Crescem ameaças a mulheres e cai nº de agressões

Para especialistas, aumento de denúncias ocorre por fatores como melhoria de renda e repercussão dos casos Eliza Samudio e Mércia

Bruno Ribeiro e Elvis Pereira, O Estado de S.Paulo

15 Dezembro 2010 | 00h00

As mulheres vítimas de violência doméstica não estão esperando ser agredidas para procurar as delegacias especializadas da cidade de São Paulo. No primeiro semestre deste ano, segundo as Delegacias de Defesa da Mulher (DDM), houve em média 28 queixas de ameaças de companheiros por dia, ante a média de 27 em todo o ano passado. O registro de agressões físicas recuou de 23 para 19 diários, se comparado o mesmo período.

Para especialistas, as vítimas estão denunciando antes das agressões por fatores como melhoria de renda e repercussão de casos como os de Eliza Samudio e Mércia Nakashima. "Apanhei ontem, mas não quero isso para mim. Vai que ele faz de novo", desabafou a funcionária de uma fábrica, de 31 anos, à reportagem, na segunda-feira passada. Ela estava em uma DDM para denunciar o marido. "Ele está fazendo da minha vida um inferno", disse. Só naquele dia, a delegacia recebeu 12 queixas de agressão e ameaça.
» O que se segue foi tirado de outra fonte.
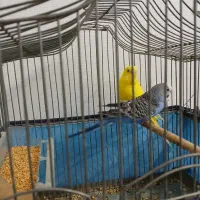 جفت مرغ عشق با قفس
Ao todo, entre janeiro e junho deste ano, 5.090 mulheres relatam nas Delegacias de Defesa da Mulher paulistanas serem vítimas de ameaças, de acordo com dados obtidos pela reportagem. No ano passado, a soma atingiu 9.787. Ou seja, a média diária subiu de 27 para 28. Já as agressões consumadas diminuíram. No primeiro semestre de ano, chegaram a 3.531 casos (média de 19 por dia). Em 2009 inteiro, foram 8.480 (23 ocorrências diárias).

Independência. Na avaliação da assistente social Fátima Marques, titular da Coordenadoria da Mulher da Prefeitura, a maior presença de mulheres no mercado de trabalho está entre as explicações para o aumento de denúncias de ameaça. Dados do Ministério do Trabalho mostram aumento de 22% no número de mulheres empregadas na capital, na comparação entre janeiro e outubro de 2009 e o mesmo período deste ano. Entre os homens, o aumento é de 20%.

"Entre as mulheres que não procuram ajuda após ameaça estão aquelas que não têm emprego, são dependentes financeiramente do marido", afirma Fátima. "Com elas, está o temor da separação", continua, "mas é porque elas ficam preocupadas com as crianças. O fato de haver independência financeira permite a ela pensar em abandonar o agressor". A assistente social ressalta, entretanto, que a violência atinge todas as classes sociais.

Fátima afirma que ainda há fatores que impedem o aumento das denúncias. Entre eles está a conivência da família com o agressor. "Chega um parente que fala "ele é um bom pai" ou "ele é trabalhador", o que impede a mulher de tomar uma atitude."

A promotora pública Maria Gabriela Mansour, especialista em violência contra a mulher, concorda com o "fator emprego" como um dos motivos para haver mais denúncias. "Mas casos como o da Mércia Nakashima e da Eliza (Samudio), que fazem as mulheres terem consciência que elas podem até serem mortas pelos namorados, também estimulam", diz. Segundo a polícia, Mércia foi morta pelo ex-namorado, o advogado e ex-PM Mizael Bispo de Souza. Já o goleiro Bruno Fernandes é apontado pela polícia mineira como responsável pelo assassinato de Eliza. Os dois tinham sido amantes.

A promotora afirma que há também o fato de os casos denunciados serem investigados. "Já consegui mandado de prisão para ex-namorado que ameaçava a companheira. A rede de proteção tem crescido", diz.

A psicóloga Ana Paula Mallet Lima, da Casa da Saúde da Mulher da Universidade Federal de São Paulo (Unifesp), atribuiu o maior número de denúncias de ameaça à nova geração de mulheres. "Hoje, a opinião das pacientes é sempre contrária à das mães e avós delas. As mães vão falar: "aguenta, não contraria o seu marido. Aceite porque eu aceitei"", diz. Fora de casa, entretanto, a reação é diferente. "Ela vai ouvir outro padrão: "Você tem de tomar uma atitude"."